In my service territory in Washington state, our hydropower assets connect us to our community. As a public power utility, it’s important that our customers are highly satisfied. Our hydro facilities support an amazing array of recreational facilities, which the community points to as one of the key benefits we provide. The facilities are also a visible example of environmental stewardship, as we have a “no net impact” habitat conservation plan in place for threatened and endangered salmon and steelhead.
Hydropower represents 65% of electric generation here in Washington, but this issue is much bigger than the Pacific Northwest. As of last year, the U.S. had more than 100 gigawatts of hydropower capacity, including pumped storage. In its 2016 Hydropower Vision report, the Department of Energy found that this capacity has the potential to grow to nearly 150 GW by 2050. The report states that a combined $209 billion in savings from avoided global damages from greenhouse gas emissions is possible, including $185 billion in savings from continuing to operate the existing hydropower fleet through 2050.
If the country intends to rely on existing hydropower to support the needs of a modern electric grid, public policies affecting hydropower need to be modernized as well. Most of the hydropower generation in this country was built from the 1930s to the 1980s, which means it’s aging.

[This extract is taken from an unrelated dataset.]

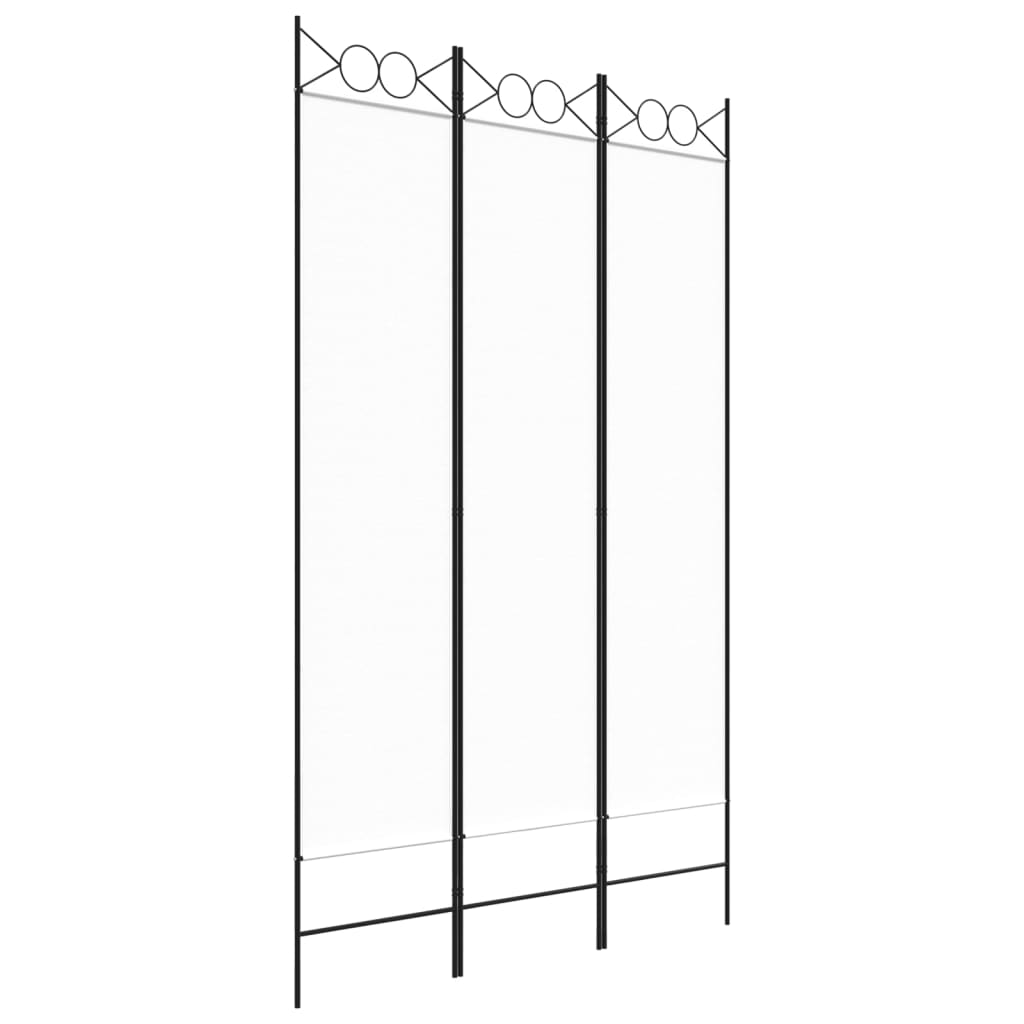 Διαχωριστικό Δωματίου με 3 Πάνελ Λευκό 120 x 200 εκ. Υφασμάτινο - Pakobazaar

There is a massive need for reinvestment to maintain this capability. Issues such as market design, renewable portfolio standards, the relicensing process, and tax policy will largely influence whether these investments will be made. If hydropower is going to be a key component of a decarbonized system, then it should be treated equitably with other non-emitting renewables.
In Reinvigorating Hydropower, a white paper we prepared with the National Hydropower Association, we identified six key areas that must be addressed to facilitate long-term reinvestment in hydropower. If we don’t address some of these issues, the relative value we can place on hydropower goes down, which makes it harder to attract capital.
- Design the markets to value all the services that hydro provides.
- Make policies and incentives for carbon-reduction goals technology neutral.
- Don’t exclude hydro reinvestments from additionality criteria.
- Improve the relicensing process.
- Expand federal and state research and development.
- Improve contracting and quality control practices.
For hydropower asset owners, these things make a difference in terms of the timing and level of investment that we will make. For example, enhancing hydropower reliability will be crucial as the grid decarbonizes and brings more variable energy resources online. Sensor technologies developed over the past decade, along with data analytics, can enable owners and operators to better predict equipment failures and avoid forced outages.
With aging equipment and a weak investment climate, hydropower can no longer be a silent partner in achieving our clean energy and decarbonization goals. One of the biggest threats to hydropower is indifference. A combination of regulatory, incentive and market policies that better value the hydropower system can encourage refurbishment and expansion.